_TASK TO CARRY OUT_
Please produce an exact copy of only the lines from the one with "Exchange LED mélysugárzó, kör" through the last one of the material, without pictures.

_INFORMATION SHOWN_
━━━━

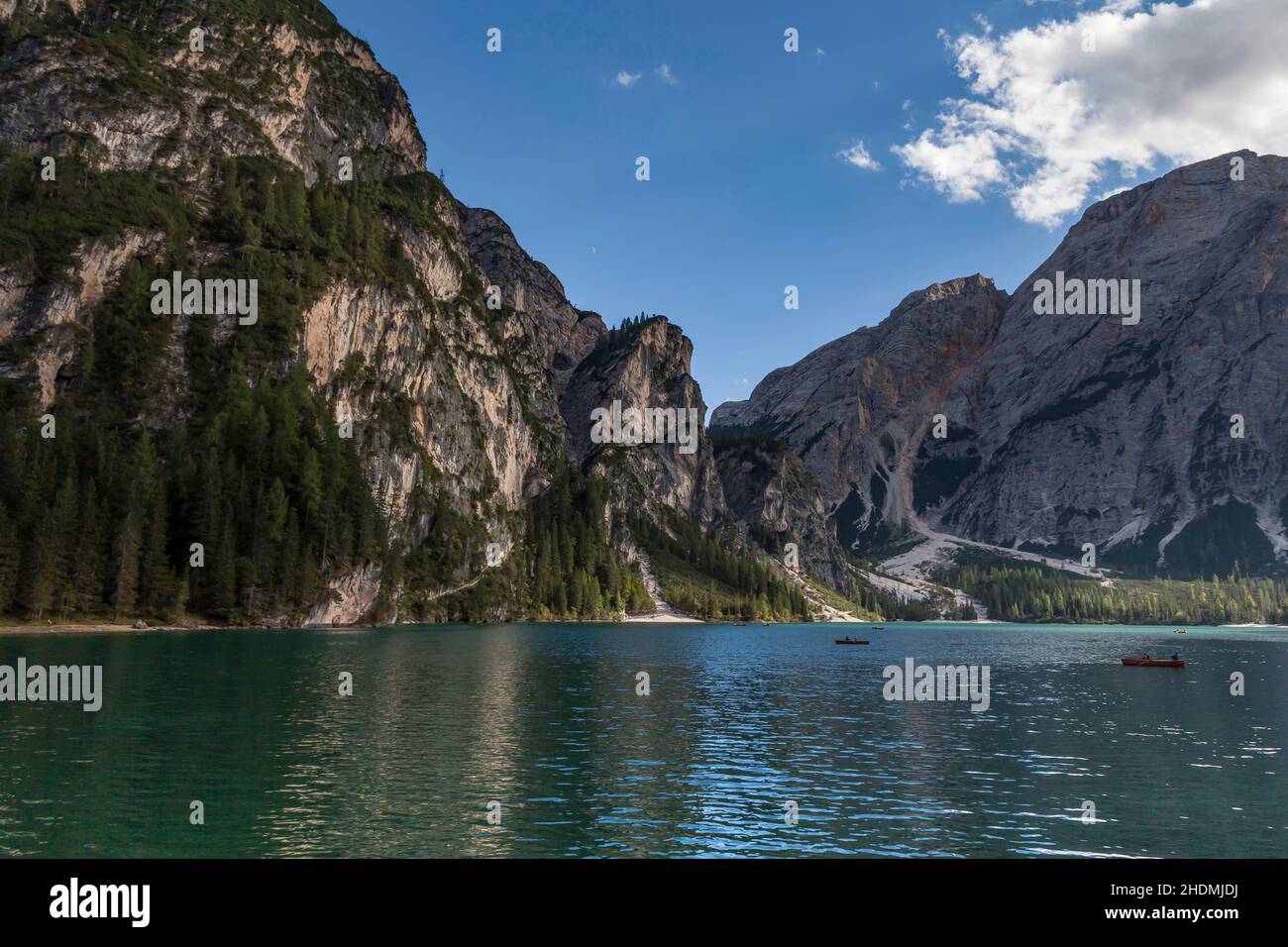 Pragser Wildsee Vintage Travel Poster Jigsaw Puzzle - 1000 Pieces For Adults, Premium Quality, Made In USA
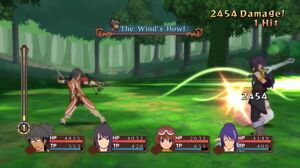 The Wind's Howl (ToV)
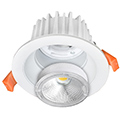 Exchange LED mélysugárzó, kör alakú (25W) - hideg fehér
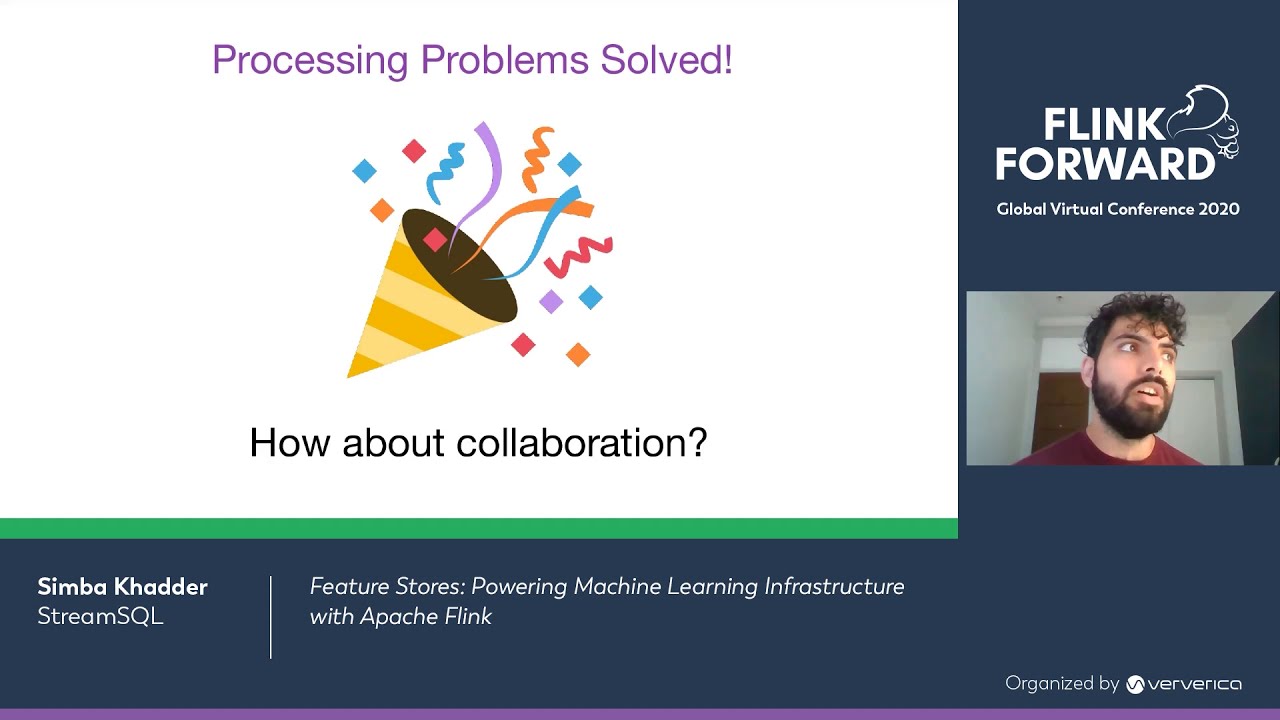 Feature Stores: Powering Machine Learning Infrastructure with Apache Flink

━━━━

_EXPECTED ANSWER_
 Exchange LED mélysugárzó, kör alakú (25W) - hideg fehér
 Feature Stores: Powering Machine Learning Infrastructure with Apache Flink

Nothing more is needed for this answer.